Fast water chutes are great habitat for trout to set up residence around. Most of them provide everything a trout needs to survive, and fly fisherman should take the time to fish them because they almost always hold fish. Fast water chutes provide overhead cover that trout can quickly utilize by swimming into the chute if they feel threatened. The well defined current from the chute also acts as a food conveyor belt, supplying trout with a constant trickle of food 24/7. Furthermore, the turbulent waters created by chutes increase oxygen levels in the surrounding waters, and this is an added bonus and reason for trout to set up shop in and around chutes in streams and rivers. Lastly, chutes generally offer feeding lanes on each side that trout can take advantage of to feed effortlessly. These are the edges of the chute, where the fast and slow water come together and meet. Trout often gravitate towards the edges because it requires less energy to hold there, it’s very close to the conveyor belt of food and extremely close to their fast water overhead cover. Focus on drifting your flies along the edges of the chute first. After you’ve fish the edges, then work your flies through the main current of the chute.

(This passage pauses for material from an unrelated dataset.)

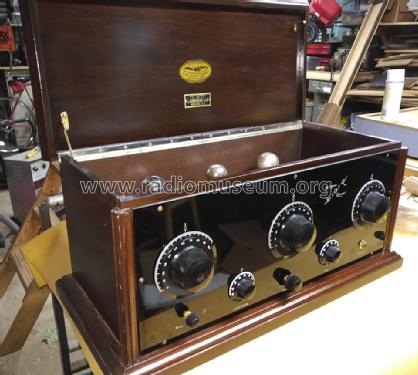 Eagle Netrodyne WOR B with a O etched in; Eagle Radio Co.; (ID = 2534179) Radio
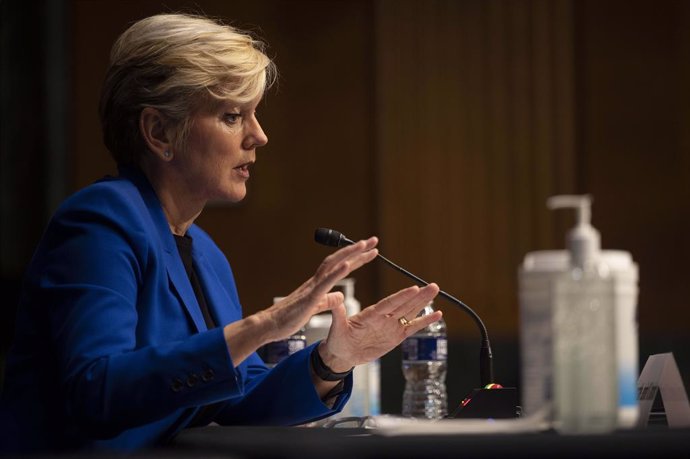 La secretaria de Energía de EEUU, Jennifer Granholm.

There are multiple ways for anglers to fly fish fast water chutes, but most of the time, I find it most effective to wade to the sides of the chutes, and fly fish perpendicular to them. Doing so, it gives me better control of my drifting flies and improves my line management. Positioning to the side of a chute also improves my stealth, because I’m able to present my flies in front of the trout with just my leader, keeping my fly line out of sight. It also allows me to work with the current when drifting my flies, instead of fighting against it.

Check out the video below that demonstrates how I prefer to fish fast water chutes.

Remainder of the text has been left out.